The answer must restate the listing word for word, without its images.
*** Opening of GIVEN MATERIAL ***
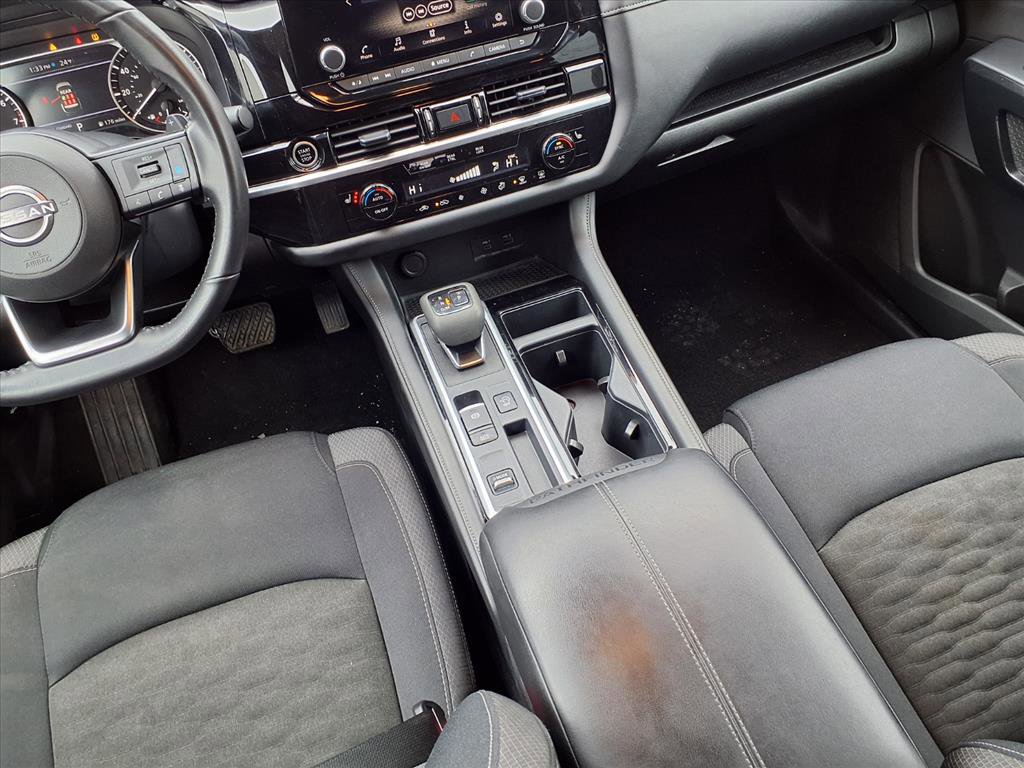 Used 2024 Nissan Pathfinder SV image 35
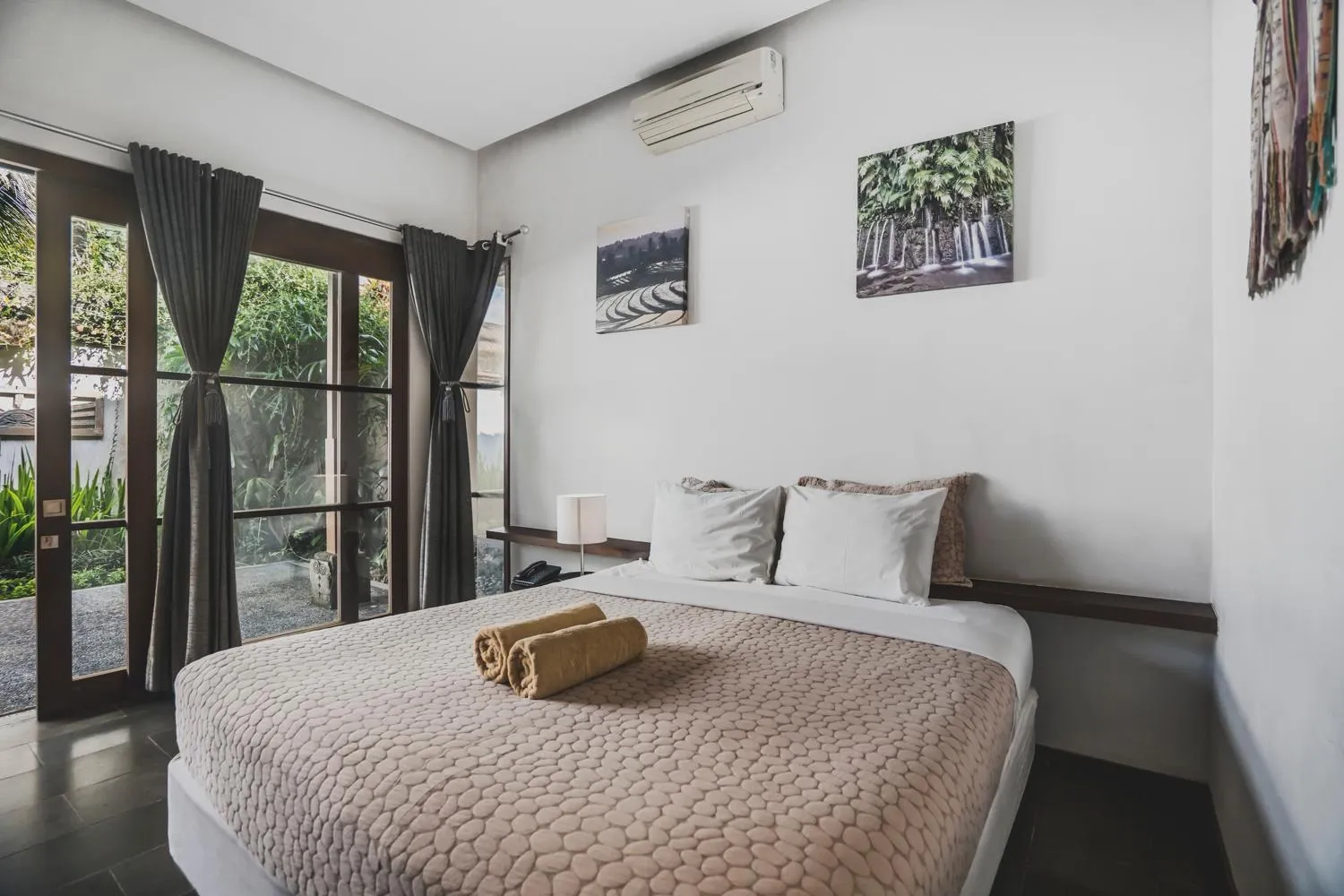 Bedroom, Bed in Luwak Estate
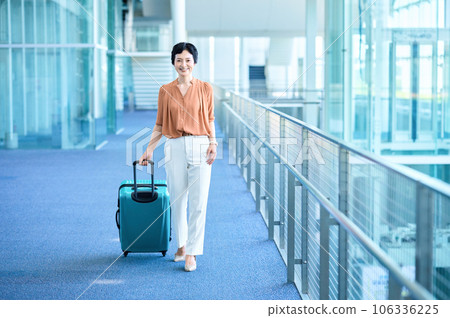 Business woman with carry bag Business woman with carry bag 106336225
*** Close of GIVEN MATERIAL ***
▶ _TASK RESPONSE_:
 Used 2024 Nissan Pathfinder SV image 35
 Bedroom, Bed in Luwak Estate
 Business woman with carry bag Business woman with carry bag 106336225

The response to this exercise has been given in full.